В детстве мы, затаив дыхание, слушали папины рассказы о том, как они с дворовыми мальчишками пробрались на первую американскую выставку в Москве и пробовали первую в Советском Союзе кока-колу. А потом, когда на волне перестройки в универсаме у леса стали продавать первые хот-доги и пиццу, они стали для нас еще большим чудом. Мы бегали туда, зажав желтоватые рубли в потной ладони, только из-за них. Завороженно смотрели, как из автомата змеится ручеек незнакомой, сладкой горчицы и пряного майонеза. Как толстая продавщица диковинным, круглым ножом – этот зубчатый диск казался мне настоящим совершенством – режет огромную пиццу, а на разрезе за ним тянется расплавленный сыр и ароматная томатная начинка.

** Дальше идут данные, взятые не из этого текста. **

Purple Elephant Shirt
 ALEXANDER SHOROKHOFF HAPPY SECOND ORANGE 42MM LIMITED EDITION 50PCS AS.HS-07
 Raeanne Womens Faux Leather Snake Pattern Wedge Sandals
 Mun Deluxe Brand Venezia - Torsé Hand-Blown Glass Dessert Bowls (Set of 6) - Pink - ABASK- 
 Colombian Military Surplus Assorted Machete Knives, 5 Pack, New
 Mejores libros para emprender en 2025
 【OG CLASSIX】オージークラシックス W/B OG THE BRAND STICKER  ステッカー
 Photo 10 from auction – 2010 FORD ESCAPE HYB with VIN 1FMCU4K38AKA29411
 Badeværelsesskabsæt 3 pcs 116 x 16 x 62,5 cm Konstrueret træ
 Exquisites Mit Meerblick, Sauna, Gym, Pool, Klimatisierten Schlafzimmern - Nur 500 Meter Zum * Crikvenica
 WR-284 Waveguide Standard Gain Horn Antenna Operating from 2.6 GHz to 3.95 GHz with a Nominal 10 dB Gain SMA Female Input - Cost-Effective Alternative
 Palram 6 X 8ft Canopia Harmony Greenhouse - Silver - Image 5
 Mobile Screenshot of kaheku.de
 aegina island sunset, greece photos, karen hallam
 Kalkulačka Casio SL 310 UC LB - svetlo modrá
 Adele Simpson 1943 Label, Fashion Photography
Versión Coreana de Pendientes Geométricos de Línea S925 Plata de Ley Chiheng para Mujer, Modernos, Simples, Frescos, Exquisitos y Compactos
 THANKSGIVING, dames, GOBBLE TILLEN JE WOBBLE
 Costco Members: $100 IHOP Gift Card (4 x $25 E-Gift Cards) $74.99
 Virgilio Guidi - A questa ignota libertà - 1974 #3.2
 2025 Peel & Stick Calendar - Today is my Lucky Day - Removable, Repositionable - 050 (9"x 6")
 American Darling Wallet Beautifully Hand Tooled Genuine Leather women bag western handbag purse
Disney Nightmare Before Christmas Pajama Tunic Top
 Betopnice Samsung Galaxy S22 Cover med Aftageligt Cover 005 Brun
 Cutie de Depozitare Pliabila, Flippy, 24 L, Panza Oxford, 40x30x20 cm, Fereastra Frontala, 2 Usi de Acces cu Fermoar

Лизка из параллельного класса – родители однажды возили ее в Америку – говорила: там пицца разная, бесконечная, с начинками, не поддающимися описанию. Любимой мечтой было представлять пиццу с ананасом.
И во всем этом был привкус безусловной свободы, распахнутых горизонтов, совершенных людей и вечного рассвета.
Мы вкладывали в простое потребительство душу, додумывали то, чего нет на самом деле, обожествляли его. Как древние – деревья и реки. Как в детстве, когда папа включал машинку, заглатывающую диафильмы, и стена оживала, расцвеченная невиданными лесами, заманчивыми путешествиями, эльфами и волшебными странами. Стена превращалась в эльфов и Кота в сапогах, в Золушку и говорящих медведей. Но это МЫ видели все эти миры – с помощью хитроумной машинки, а сама стена оставалась пустой и безликой…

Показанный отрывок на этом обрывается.